The IRS has several categories to help you determine if you have a capital expense on your hands. If you do, you then must depreciate it over a specific schedule and can’t take the deduction in the same year. A good rule of thumb is if you are replacing something major, it’s probably an “improvement.” There are a few categories into which the IRS breaks down improvements.
- Betterments – This is just a fancy word for expenses that make your rental property significantly better. These include expenses for fixing pre-existing defects or increasing the size, durability, or quality of the unit.
- Restorations – These are expenses that are for repairing damage to your property after you file an insurance claim, or rebuilding your property to a like-new condition, or replacing a substantial part of your property.
- Adaptation. This improvement occurs if you spend significant money to change how the property is used.
Here are some examples of expenses and capital improvements:
Repairs | Improvements |
---|---|
Repairing a cracked foundation | Constructing extra rooms, bathrooms, etc. |
Repairing a broken AC fan, replacing a capacitor | Replacing the entire condenser, furnace or AC coil |
Replacing a broken security camera | Installing a security system |
Cleaning the carpet | Installing brand new flooring |
Patching a few shingles on the roof | Replacing the whole roof |
Replacing a broken plumbing pipe, leaky faucet, or running toilet | Replacing all existing plumbing |
Fixing a broken cabinet | Renovating a kitchen |
Replacing damaged planks | Replacing the wood floors |
Fixing appliances | Replacing appliances (fridge, stove, washer/dryer) |
Replacing a few cracked tiles | Tiling the entire bathroom floor |
Replacing the glass in a window frame | Replacing multiple windows (entire house) |
The Stealthy Rich and Capital Improvements
Capital expenditures (CAPEX) can be scary to some because these costs can get prohibitively expensive if you are not careful. We typically buy older homes that have more deferred maintenance, which means there is a potential for a ton of CAPEX surprises in store for us.

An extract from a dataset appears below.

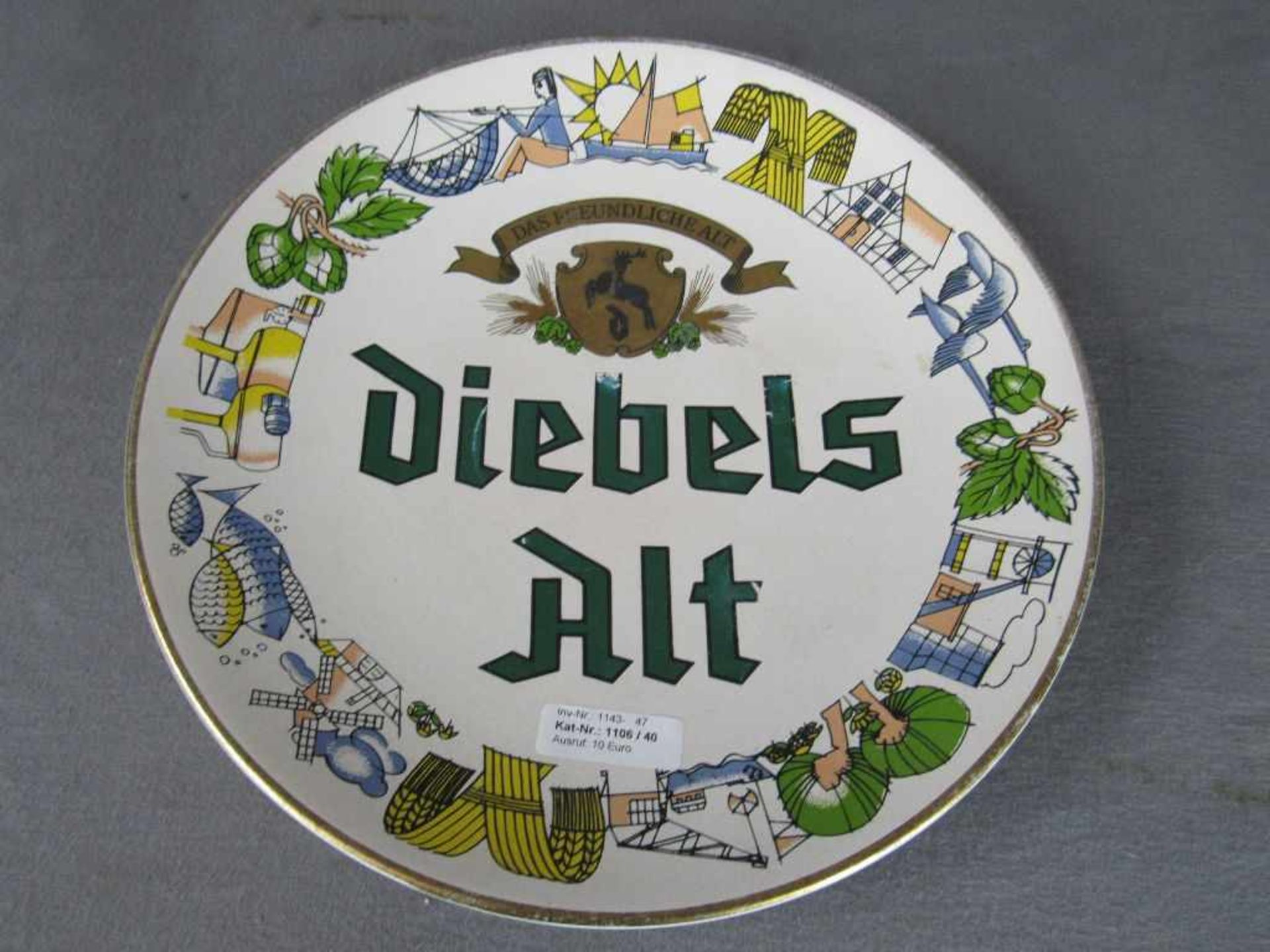 Reklameteller bemalte Keramik Bierwerbung Diebels Alt 36cm Durchmesser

We’ve been tracking our capital improvements since the beginning, so we know precisely how many HVACs, floors, roofs, water heaters, appliances, etc. This calculation is helpful so that we know exactly how “old” our major systems are. This way, we can see how “restored” our whole portfolio is. The chart below is a little misleading as it doesn’t count improvements that were made before we purchased the properties. For example, several of our homes had new roofs installed the year or two before we took ownership. Hopefully, we won’t be replacing those for a long time!
We know our CAPEX costs explicitly. that a roof costs us $6,500, a tub is $2,000, new floors are about $3,500. An HVAC is $2,000 per piece (There are three pieces, coil, condenser, and Furnace/air handler). If we plan, we can have sufficient cash reserves when these improvements need to be made without causing financial hardship for us.
A recent example on House #56, we needed to replace the roof. The roof ended up costing about $5,200. The old roof was leaky and had a ton of rot in it. We’d love to be able to deduct all $5,200 of our taxes for 2020, but unfortunately, this is clearly a replacement, and we will have to, instead, depreciate the roof over the years. (And then pay the depreciation recapture if we ever sell the property.) However, our basis in the property also goes up with this improvement since it is a capital expense. So that roof will save us 5,200 *15% or $780 plus a good chunk of the $5,200 of which we can depreciate over the next years. (A small piece of that depreciation we will have to pay back as recapture if we sell the property.)
The Stealthy Rich CAPEX Tracking
We track every capital expense on all our properties. This way, we know precisely how “healthy” each property is. As you can see, we’ve replaced about 60% of our floors. We only count the improvements for which we have done ourselves, so some improvements were made right before we purchased properties that we did not account for here.
Get a Tax Professional
Hopefully, by reading this, you realize the importance of having a fantastic CPA. We have one who does all of these complicated calculations for us. We send him our expenses, and he knows how to depreciate them, change our basis, and make sure we are getting our maximum tax shelters in place. Make sure to secure an excellent tax professional if you own any rentals. We love ours!
I agree with this clear distinction between capex and repairs, which gets lost on many investors. Also, love your capex tracking system!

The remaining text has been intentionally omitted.